[Opening Input data section]
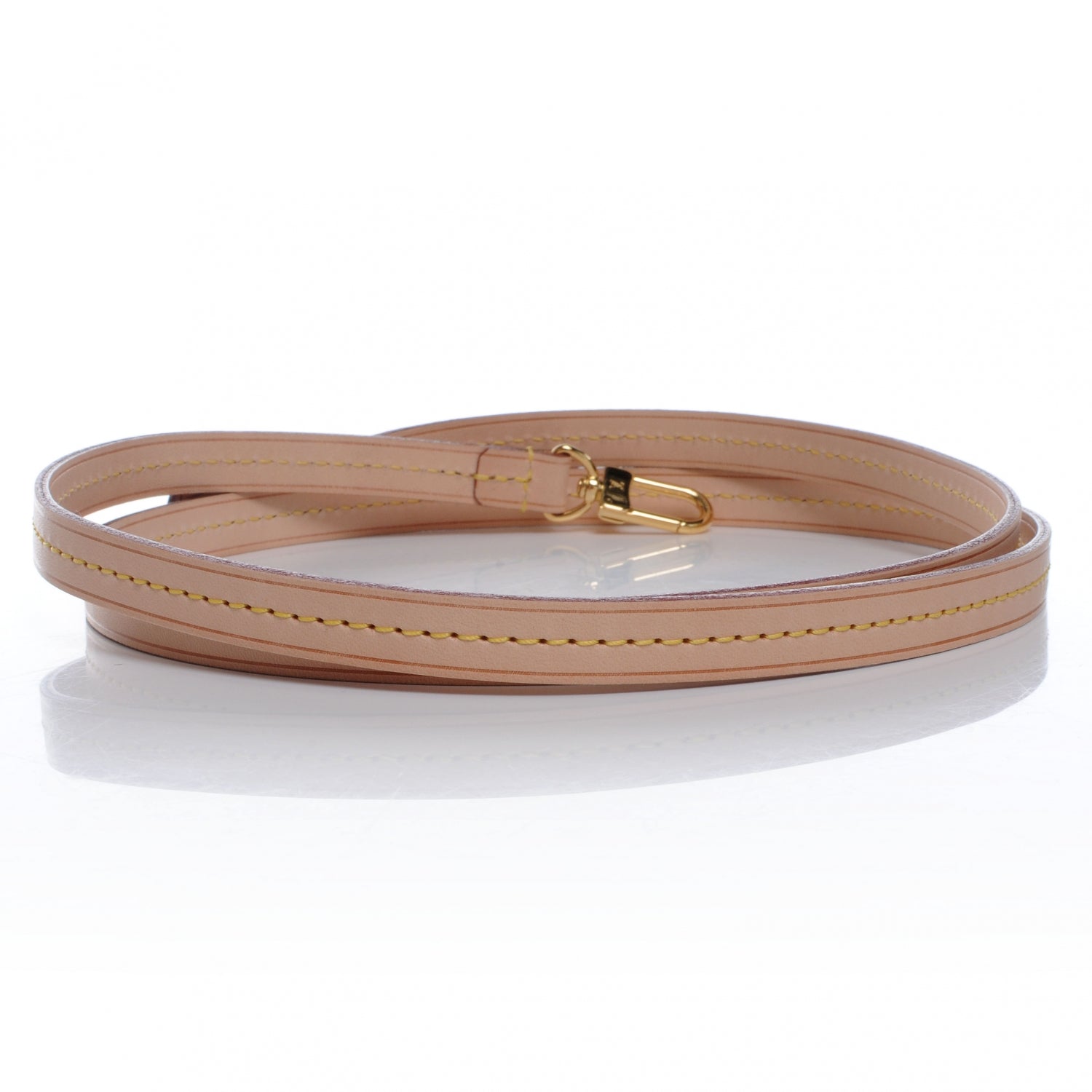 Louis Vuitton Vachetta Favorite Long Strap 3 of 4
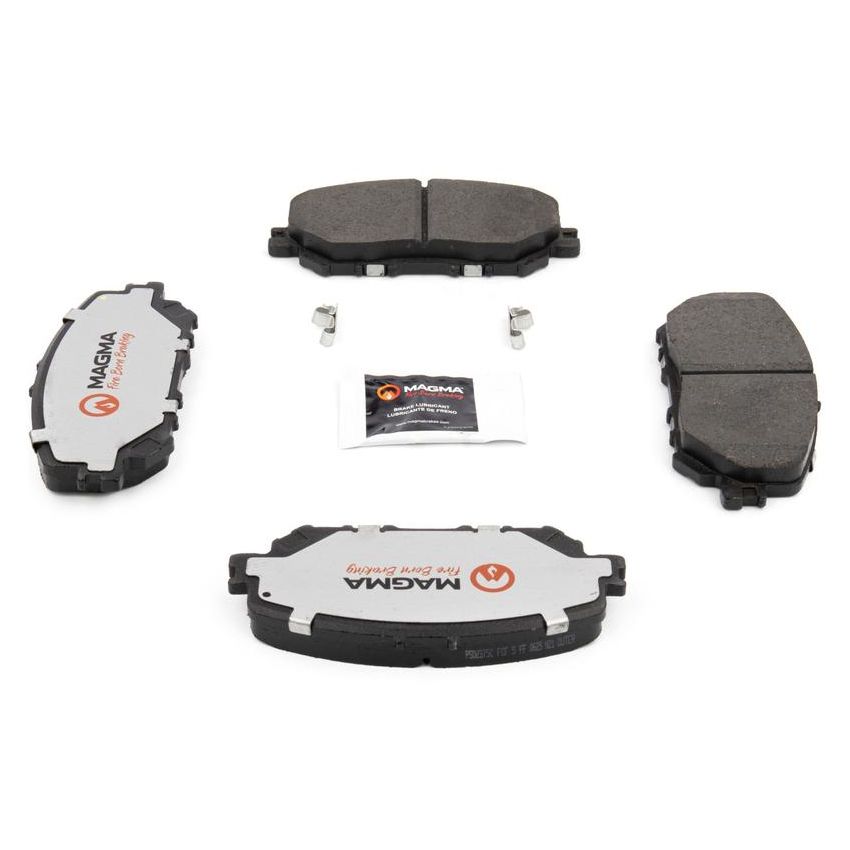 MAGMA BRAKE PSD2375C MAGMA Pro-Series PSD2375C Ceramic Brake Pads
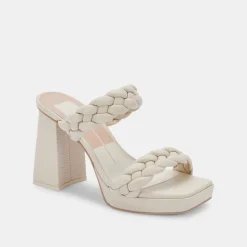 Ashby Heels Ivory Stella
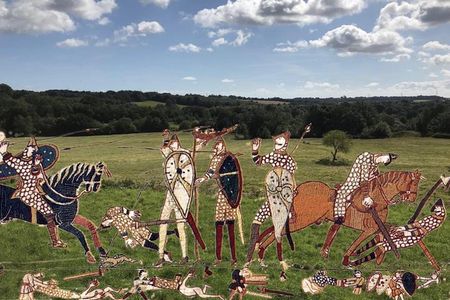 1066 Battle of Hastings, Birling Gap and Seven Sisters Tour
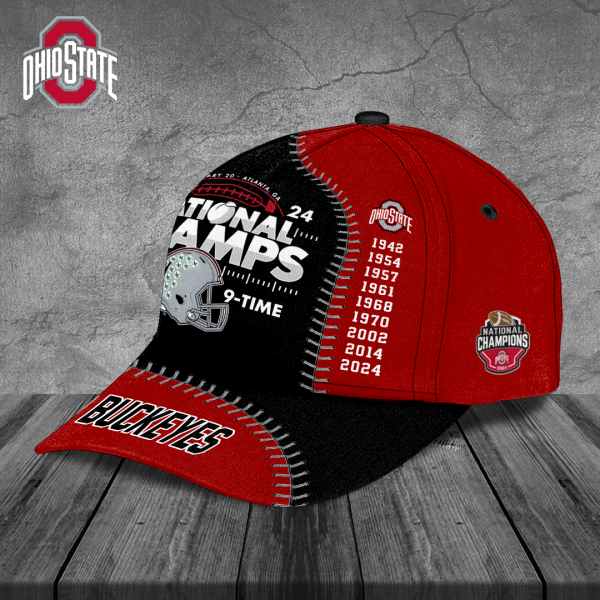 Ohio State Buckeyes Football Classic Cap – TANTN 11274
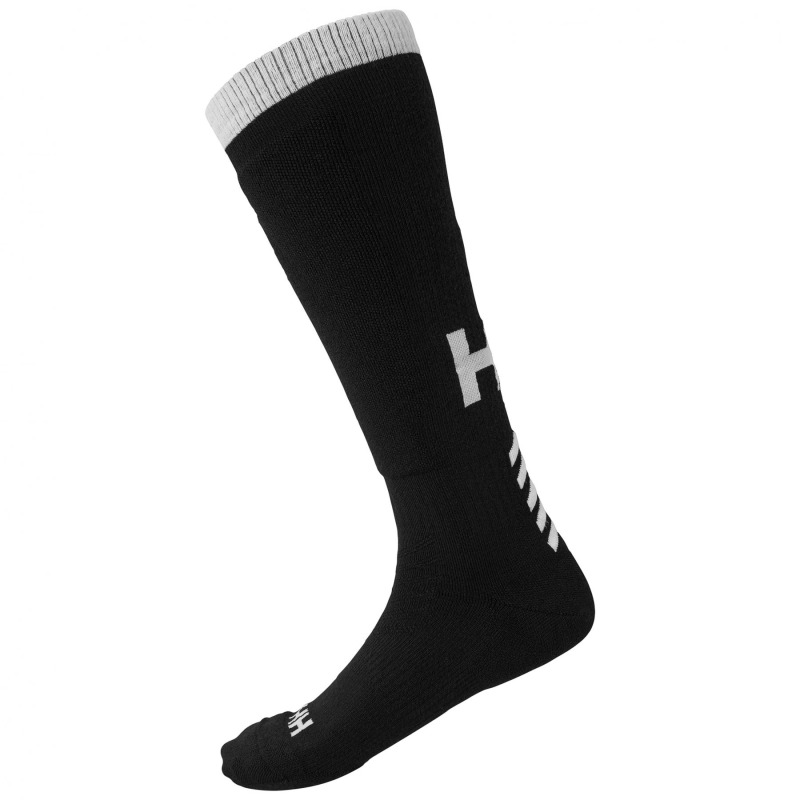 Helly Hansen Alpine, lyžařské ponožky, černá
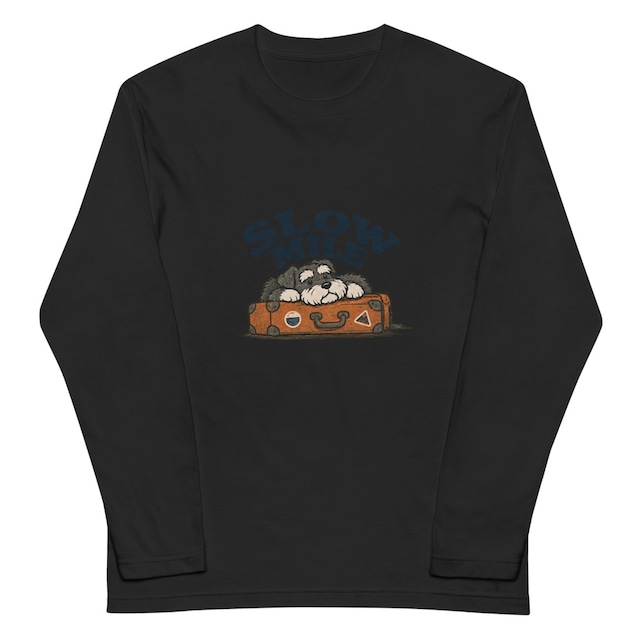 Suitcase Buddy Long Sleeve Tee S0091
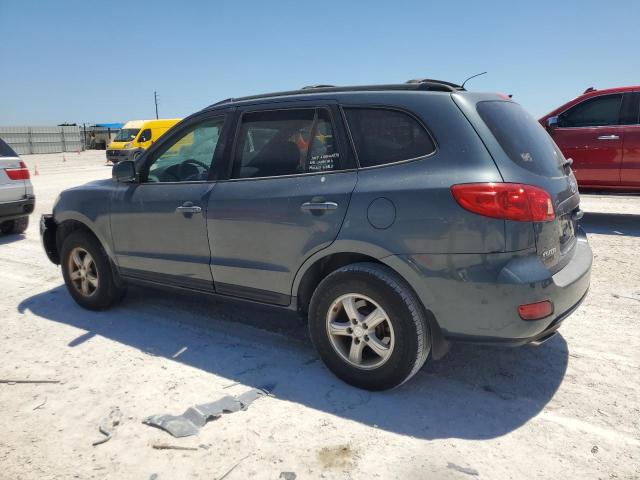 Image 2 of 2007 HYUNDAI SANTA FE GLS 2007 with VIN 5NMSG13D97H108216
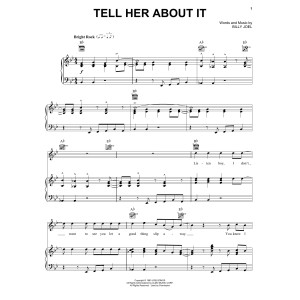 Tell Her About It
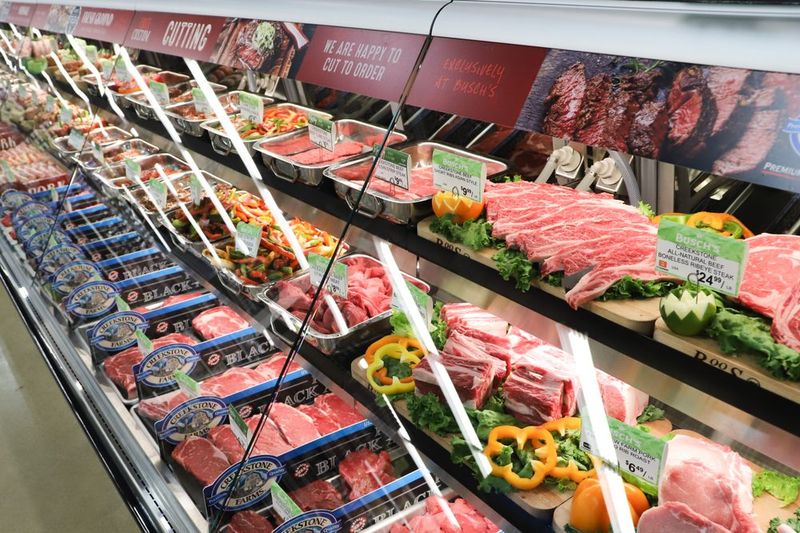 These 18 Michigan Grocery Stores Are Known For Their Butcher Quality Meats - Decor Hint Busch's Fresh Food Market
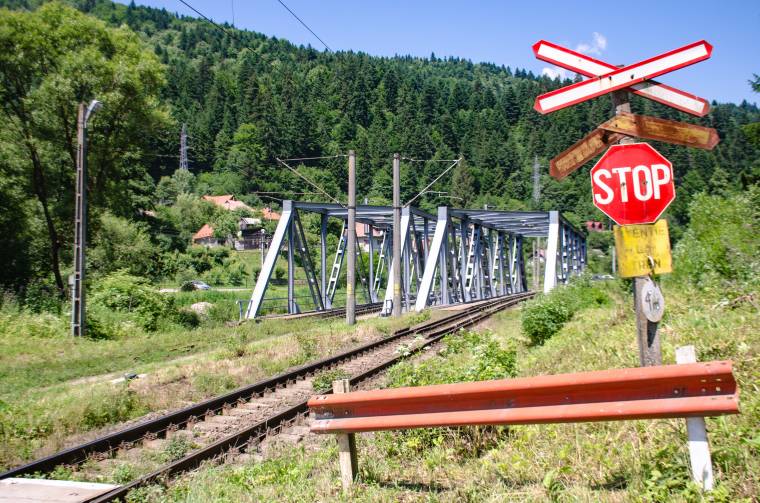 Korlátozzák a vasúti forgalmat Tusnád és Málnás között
[Closing Input data section]
Please write every line above out exactly as given, except for any pictures.

 Louis Vuitton Vachetta Favorite Long Strap 3 of 4
 MAGMA BRAKE PSD2375C MAGMA Pro-Series PSD2375C Ceramic Brake Pads
 Ashby Heels Ivory Stella
 1066 Battle of Hastings, Birling Gap and Seven Sisters Tour
 Ohio State Buckeyes Football Classic Cap – TANTN 11274
 Helly Hansen Alpine, lyžařské ponožky, černá
 Suitcase Buddy Long Sleeve Tee S0091
 Image 2 of 2007 HYUNDAI SANTA FE GLS 2007 with VIN 5NMSG13D97H108216
 Tell Her About It
 These 18 Michigan Grocery Stores Are Known For Their Butcher Quality Meats - Decor Hint Busch's Fresh Food Market
 Korlátozzák a vasúti forgalmat Tusnád és Málnás között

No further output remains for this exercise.